Enfin, on l'a regardé comme le premier des hommes dans l'art nouveau de répandre de la lumière et des grâces sur les sciences abstraites, et il a eu du mérite dans tous les autres genres qu'il a traités. Tant de talents ont été soutenus par la connaissance des langues et de l'histoire; et il été, sans contredit, au-dessus de tous les savants qui n'ont pas eu le don de l'invention.
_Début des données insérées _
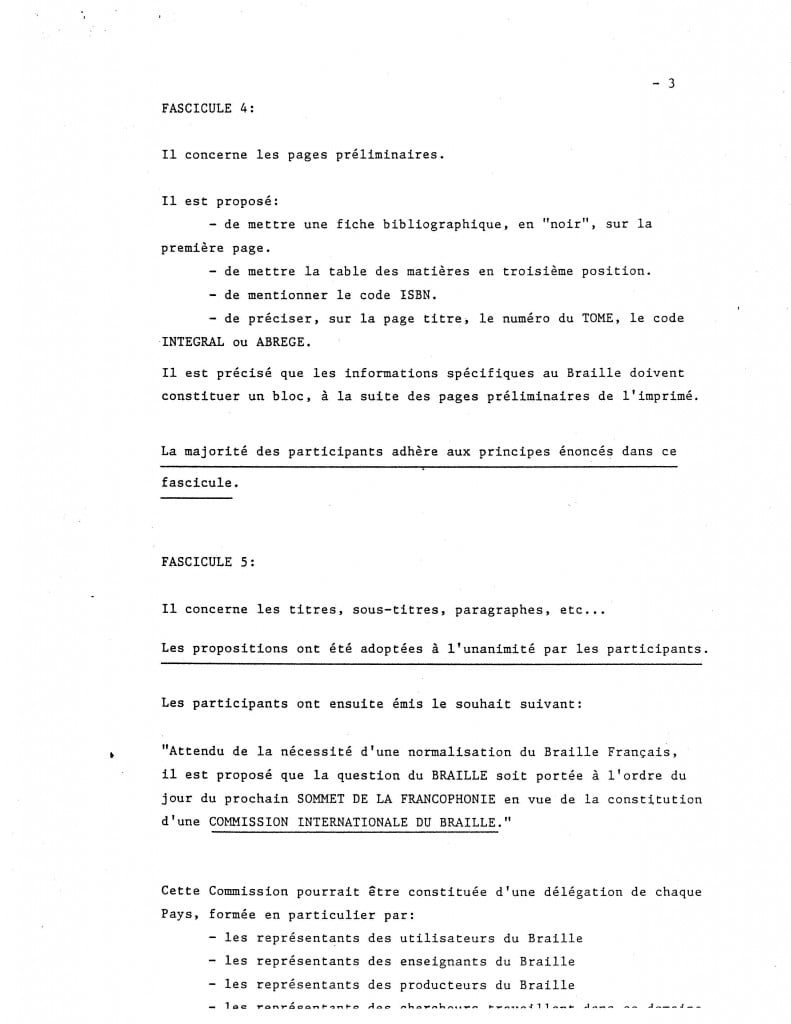  TABLE RONDE Internationale des Pays Francophones pour la Standardisation de ledition en braille suite3, page 37.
Son Histoire des Oracles, qui n'est qu'un abrégé très-sage et très-modéré de la grande histoire de Van Dale, lui fit une querelle assez violente avec quelques jésuites compilateurs de la Vie des Saints, qui avaient précisément l'esprit des compilateurs. Ils écrivirent à leur manière contre le sentiment raisonnable de Van Dale et de Fontenelle. Le philosophe de Paris ne répondit point*; mais son ami, le savant Basnage, philosophe de Hollande, répondit, et le livre des compilateurs ne fut pas lu. Plusieurs années après, le jésuite Le Tellier, confesseur de Louis XIV, ce malheureux auteur de toutes les querelles qui ont produit tant de mal et tant de ridicule en France, déféra Fontenelle à Louis XIV, comme un athée, et rappela l'allégorie de Méro et d'Énégu. Marc-René de Paulmi, marquis d'Argenson, alors lieutenant de police, et depuis garde des sceaux, écarta la persécution qui allait éclater contre Fontenelle, et ce philosophe le fait assez entendre dans l'éloge du garde des sceaux d'Argenson, prononcé dans l'Académie des sciences. Cette anecdote est plus curieuse que tout ce qu'a dit l'abbé Trublet de Fontenelle. Mort le 9 janvier 1757, âgé de cent ans moins un mois et deux jours.

VOLTAIRE.

Basnage pressa longtemps Fontenelle de répondre à Baltus: « Mon parti est pris, répondit Fontenelle, je ne répondrai point au livre du jésuite; je con« sens que le diable ait été prophète, puisque Baltus le veut, et qu'il trouve « cela plus orthodoxe. »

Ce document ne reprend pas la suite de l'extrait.